Let me just go split screen here for a minute. In the top terminal window we are running our Docker ubuntu 12.04 container image. Down in the bottom terminal window we are sitting on the Vagrant virtual machine where Docker is running. Inside the container lets list the processes again, then do the same outside the container, notice how we have out shell as a child hanging off the Docker daemon? Lets run an active process in the top window and rerun our process list down here. As you can see, the container thinks it has its own process list, and this is because of our container process namespace. Lets exit these and clear things up. I am just going to run ip a, so that I can show you that the container also has its own IP address, which is different than the Docker server. The reason for this is that the container is also using a namespace for networking.

Finally, lets go back to full screen and exit the container. I should mention that Docker has its own method for displaying containerized processes. I just wanted to illustrate that when you are inside a container, your view of the world in terms of networking, mounts, process, users, etc is much different, than if you are on the host.

Lets just rerun the docker command. You will notice here, that Docker provides the ps command. Lets try and run that. There is nothing listed here, because we are not running any active containers, however, if we were they would be listed. You can also use the dash a option to show you all containers including ones run in the past. Here you can see the ubuntu 12.04 container we ran, along with the process which was executed, and some timing information.
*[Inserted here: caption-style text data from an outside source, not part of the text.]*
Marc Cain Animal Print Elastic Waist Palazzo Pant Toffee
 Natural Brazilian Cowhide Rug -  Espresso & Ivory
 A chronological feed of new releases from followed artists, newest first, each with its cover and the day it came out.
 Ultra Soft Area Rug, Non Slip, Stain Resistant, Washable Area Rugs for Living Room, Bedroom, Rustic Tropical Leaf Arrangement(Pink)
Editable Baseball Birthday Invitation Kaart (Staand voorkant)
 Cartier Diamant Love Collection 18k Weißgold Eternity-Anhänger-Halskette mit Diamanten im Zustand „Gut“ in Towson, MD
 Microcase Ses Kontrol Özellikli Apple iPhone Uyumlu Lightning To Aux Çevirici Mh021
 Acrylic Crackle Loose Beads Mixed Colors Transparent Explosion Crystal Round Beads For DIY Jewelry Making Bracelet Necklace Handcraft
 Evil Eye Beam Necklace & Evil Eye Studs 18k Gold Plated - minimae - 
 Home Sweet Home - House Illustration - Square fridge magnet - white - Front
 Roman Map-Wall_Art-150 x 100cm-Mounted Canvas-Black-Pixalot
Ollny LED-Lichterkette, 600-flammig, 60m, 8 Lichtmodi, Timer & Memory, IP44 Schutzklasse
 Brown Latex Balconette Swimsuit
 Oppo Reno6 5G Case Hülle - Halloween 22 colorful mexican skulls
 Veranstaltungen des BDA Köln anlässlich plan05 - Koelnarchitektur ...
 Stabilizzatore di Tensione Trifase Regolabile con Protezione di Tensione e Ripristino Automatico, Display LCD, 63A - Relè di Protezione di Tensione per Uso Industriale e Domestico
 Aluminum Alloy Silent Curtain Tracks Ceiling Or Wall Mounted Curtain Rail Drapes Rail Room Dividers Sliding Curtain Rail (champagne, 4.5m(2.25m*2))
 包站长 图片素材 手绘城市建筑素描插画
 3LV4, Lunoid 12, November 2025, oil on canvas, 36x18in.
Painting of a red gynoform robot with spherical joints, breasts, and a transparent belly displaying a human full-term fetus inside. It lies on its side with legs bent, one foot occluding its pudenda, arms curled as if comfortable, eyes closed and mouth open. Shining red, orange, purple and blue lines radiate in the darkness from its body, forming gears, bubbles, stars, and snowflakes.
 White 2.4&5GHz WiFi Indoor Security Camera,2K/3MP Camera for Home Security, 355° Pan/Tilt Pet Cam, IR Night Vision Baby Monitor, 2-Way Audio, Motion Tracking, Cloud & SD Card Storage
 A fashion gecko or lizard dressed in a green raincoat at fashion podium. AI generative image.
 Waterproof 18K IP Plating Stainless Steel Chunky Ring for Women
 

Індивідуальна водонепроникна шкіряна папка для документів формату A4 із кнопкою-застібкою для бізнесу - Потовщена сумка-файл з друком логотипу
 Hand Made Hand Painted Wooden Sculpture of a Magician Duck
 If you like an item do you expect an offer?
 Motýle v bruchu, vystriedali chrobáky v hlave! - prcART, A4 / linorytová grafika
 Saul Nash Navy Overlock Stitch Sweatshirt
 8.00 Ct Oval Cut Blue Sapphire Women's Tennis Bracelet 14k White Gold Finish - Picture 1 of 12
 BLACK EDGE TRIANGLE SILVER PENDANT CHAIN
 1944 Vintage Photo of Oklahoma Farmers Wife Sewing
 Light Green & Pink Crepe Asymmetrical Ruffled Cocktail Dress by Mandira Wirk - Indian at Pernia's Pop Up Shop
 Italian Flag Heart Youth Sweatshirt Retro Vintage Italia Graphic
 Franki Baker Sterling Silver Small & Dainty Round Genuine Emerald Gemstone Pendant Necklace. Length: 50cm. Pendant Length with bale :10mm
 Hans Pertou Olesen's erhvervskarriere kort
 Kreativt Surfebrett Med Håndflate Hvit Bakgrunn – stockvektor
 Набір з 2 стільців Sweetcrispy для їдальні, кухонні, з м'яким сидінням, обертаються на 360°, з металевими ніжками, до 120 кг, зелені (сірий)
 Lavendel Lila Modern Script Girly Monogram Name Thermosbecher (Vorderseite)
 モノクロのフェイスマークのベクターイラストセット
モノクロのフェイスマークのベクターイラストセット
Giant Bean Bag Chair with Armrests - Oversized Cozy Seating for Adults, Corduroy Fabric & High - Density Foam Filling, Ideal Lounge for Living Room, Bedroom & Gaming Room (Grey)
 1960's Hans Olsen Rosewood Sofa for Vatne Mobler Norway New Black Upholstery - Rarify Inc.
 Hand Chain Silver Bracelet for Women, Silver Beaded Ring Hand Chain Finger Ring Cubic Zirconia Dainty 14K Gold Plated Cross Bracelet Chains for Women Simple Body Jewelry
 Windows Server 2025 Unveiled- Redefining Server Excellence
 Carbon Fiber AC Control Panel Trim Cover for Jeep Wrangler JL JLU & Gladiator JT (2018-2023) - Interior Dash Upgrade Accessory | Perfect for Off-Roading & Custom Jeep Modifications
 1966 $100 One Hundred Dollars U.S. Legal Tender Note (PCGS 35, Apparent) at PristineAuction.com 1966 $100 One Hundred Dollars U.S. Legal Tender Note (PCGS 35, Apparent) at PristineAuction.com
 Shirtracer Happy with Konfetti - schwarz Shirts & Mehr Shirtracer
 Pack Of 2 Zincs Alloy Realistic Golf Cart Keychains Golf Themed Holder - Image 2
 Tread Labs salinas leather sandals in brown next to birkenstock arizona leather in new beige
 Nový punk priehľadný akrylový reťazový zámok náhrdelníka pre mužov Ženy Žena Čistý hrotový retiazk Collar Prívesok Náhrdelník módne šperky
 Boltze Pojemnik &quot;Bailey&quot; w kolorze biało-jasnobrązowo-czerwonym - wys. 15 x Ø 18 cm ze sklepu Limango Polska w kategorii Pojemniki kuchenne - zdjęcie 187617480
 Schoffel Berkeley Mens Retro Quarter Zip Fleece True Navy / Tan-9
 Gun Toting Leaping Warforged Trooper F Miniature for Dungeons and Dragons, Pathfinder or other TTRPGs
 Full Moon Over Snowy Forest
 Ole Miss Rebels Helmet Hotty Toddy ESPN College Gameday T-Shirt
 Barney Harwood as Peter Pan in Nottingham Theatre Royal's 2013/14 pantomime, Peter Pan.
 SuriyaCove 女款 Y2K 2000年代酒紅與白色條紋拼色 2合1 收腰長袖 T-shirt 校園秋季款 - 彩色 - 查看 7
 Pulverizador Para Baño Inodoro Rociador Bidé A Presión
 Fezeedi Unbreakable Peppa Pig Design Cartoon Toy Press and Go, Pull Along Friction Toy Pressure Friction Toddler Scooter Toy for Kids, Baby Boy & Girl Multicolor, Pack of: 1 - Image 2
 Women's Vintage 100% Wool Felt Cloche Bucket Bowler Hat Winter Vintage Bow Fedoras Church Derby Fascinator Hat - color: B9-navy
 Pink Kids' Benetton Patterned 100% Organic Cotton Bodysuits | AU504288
docker run -t -i ubuntu:12.04 /bin/bash
# docker ps
CONTAINER ID        IMAGE               COMMAND             CREATED             STATUS              
# docker ps -a
CONTAINER ID        IMAGE                       COMMAND             CREATED             STATUS
3410570f6714        ubuntu:12.04                /bin/bash           7 hours ago         Exited (0) 5 hours ago

Docker actually has so many commands that you could play around with them for hours. Just wanted to show you a couple things before we conclude the episode. The first one is the docker images command. This outputs a listing of all the images cached on your machine. You can see we have our ubuntu 12.04 image here, and it was used to run our container a couple minutes ago. One really cool thing about Docker is the way it deals with filesystems, in that each container spawned, gets a new filesystem with only its changes. So you can do cool things, like diffing our containers filesystem to see what changed from the original.

# docker diff 3410570f6714
A /.bash_history

Anyways, I have probably talked long enough. This episode likely leaves you wanting more, as I have had many emails suggesting Docker as an episode topic. Docker is a large topic to cover in a short screencast format, so going forward, I hope to create several more episodes around Docker as I explore the topic in detail. One reader sent me a note suggesting that I create an episodes series, so that we can explore one topic in great detail. Personally, I think this is an amazing idea, and what better technology to start with. So, over the coming months, I plan on looking into Docker networking, orchestration, namespaces, cgroups, filesystems, and how to create images from scratch. Should be an interesting episode series, so stay tuned. Also, if you have suggestions, please shoot me a note.

Hopefully this episode give you an idea of what the Docker project is about along with a starting point so that you can play around with it for yourself.